I'm still constantly on the verge of tears. But they're clean tears, not poison ones. I don't know how to explain that. I suppose it's that I feel like I'm hurting a lot but it's almost like I just came out of shock and the damage is not being done any more but it hasn't quite started healing yet either. I just want to curl up in watery roots and cry until something grows around me. I've just been missing so many people for so long. I need presence.
N/A* is so good for me. I realize this anew every time I talk about it with someone. I've really learned how to advocate through N/A*, mostly through the practice it's given me. I've learned that my thoughts and efforts are useful and can create positive change. I've started to believe that what I have to give (teaching-wise) is worth offering. I feel such a strong bond with everyone who is active in N/A* -- which is awesome but also weird because I don't know how to navigate becoming real friends.

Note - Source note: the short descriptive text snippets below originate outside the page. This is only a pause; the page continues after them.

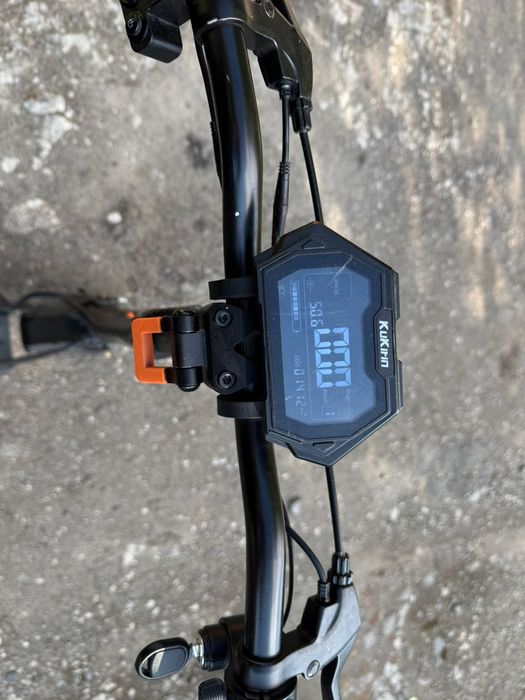 Kugoo Kirin  g2 Pro  пробег 1412 км аккумулятор в хорошем состоянии держит хорошо.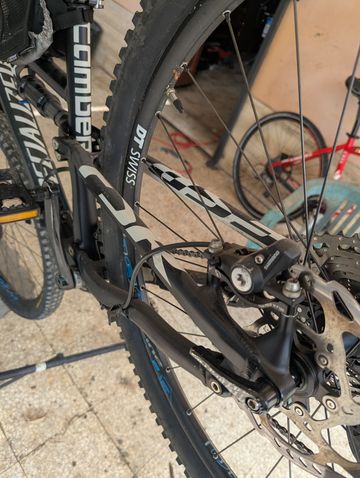 Used Specialized Camber Shimano Deore XT 2015 Mountainbike, Black — image 26 of 37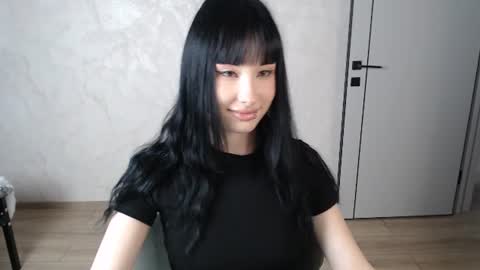 Snapshot of naemiblush chatting on June 27, 2026, 2:12 pm Naemi online show from June 27, 2026, 2:12 pm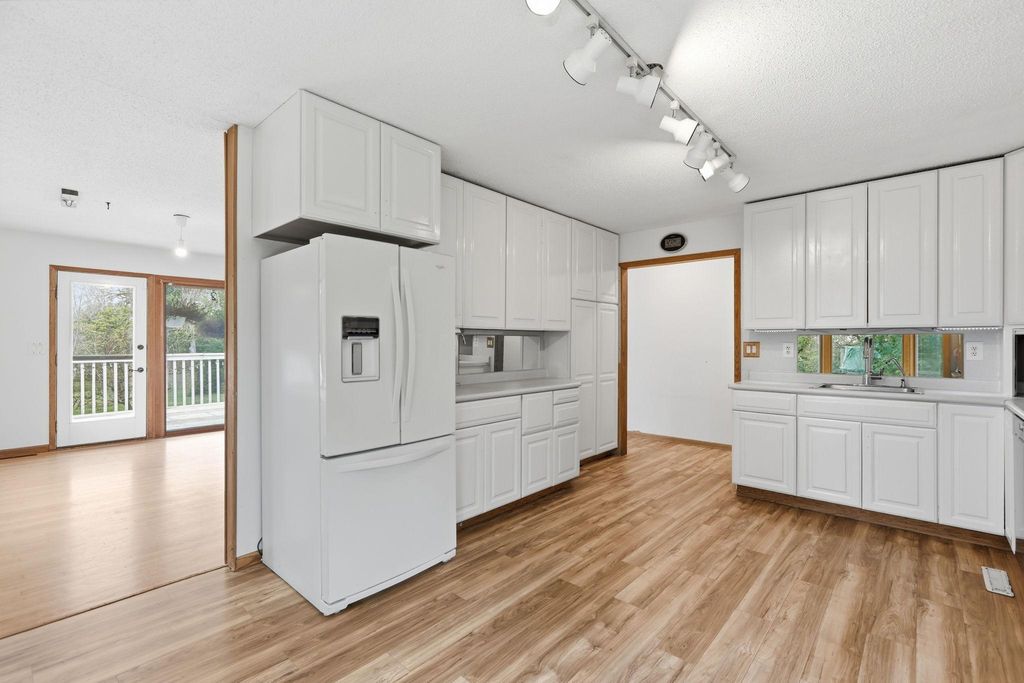 20046 Hillside Drive, Corcoran, MN 55374 — photo 4
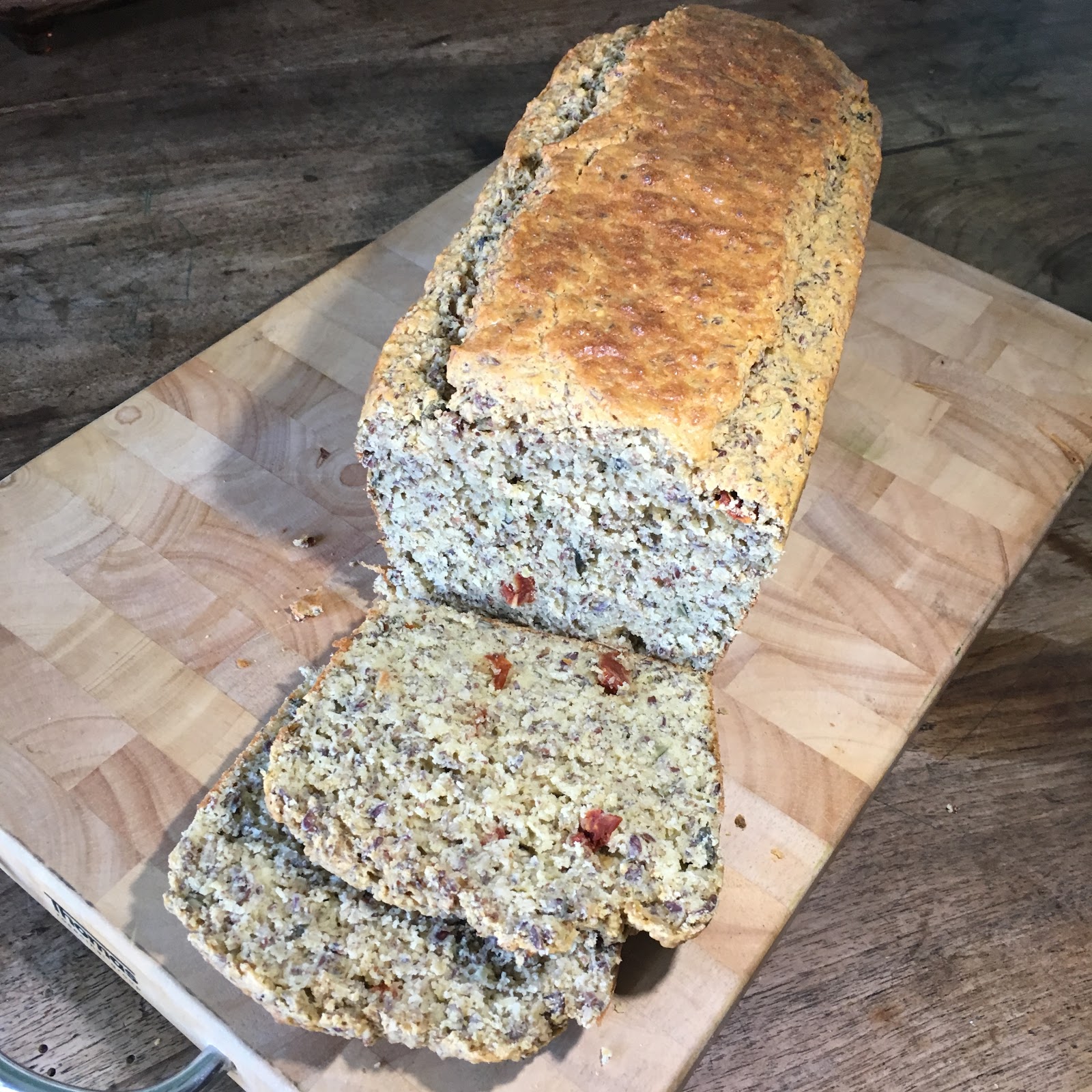 Ein Stück heile Welt : Linsen-Kichererbsen-Brot mit Rosmarin und Tomaten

I feel like people in N/A* are sort of forced to associate with me, so I don't know if they like me as a person or just appreciate my contributions. I'm hesitant to be like, "do you want to actively develop a friendship?" because if they don't want to there's a social pressure to hide that to preserve equilibrium and I don't know how to undo it. I don't think that people would necessarily agree despite not wanting it, but it's complicated because they can't just avoid me. I've sort of tried with two members but didn't feel a lot of interest back and don't want to push, so I just dropped it. :-[ I do feel nourished just by the group connection and working together on projects, so I suppose it's okay if deeper friendship doesn't come out of it. But I still want that, and I really want to cuddle everyone. That's definitely the worst part! With most of the people I know I can just be like, "I would like to go sit and cuddle together, how do you feel about that?" and know I'll get an unedited unpressured answer. But if you're not used to radical consent that might be a super-pressurey question, and even if it's not I don't think I could enjoy that very much at school, and spending time with people out of school seems impossible. BLEH. I did tell people I want more hugs in general and ask how they feel about it, and so far everyone's been open to that, at least as goodbyes.
In other news Kylei and I have started doing ritual daily-ish (we aim to do it daily but don't always have the energy), drawing the people and situations we want to us. I can feel it working already, which is a relief. It's very simple -- we light a candle, hold it together while touching each other, focus on what we want to bring in, and thank the universe in advance for it. Whether we do ritual or not we cuddle every day now -- for a while after ze started working we barely saw each other, until we realized what was happening and decided to aim for at least 15 minutes of focused time every day. I feel like we're starting to develop some forward motion again, which is encouraging.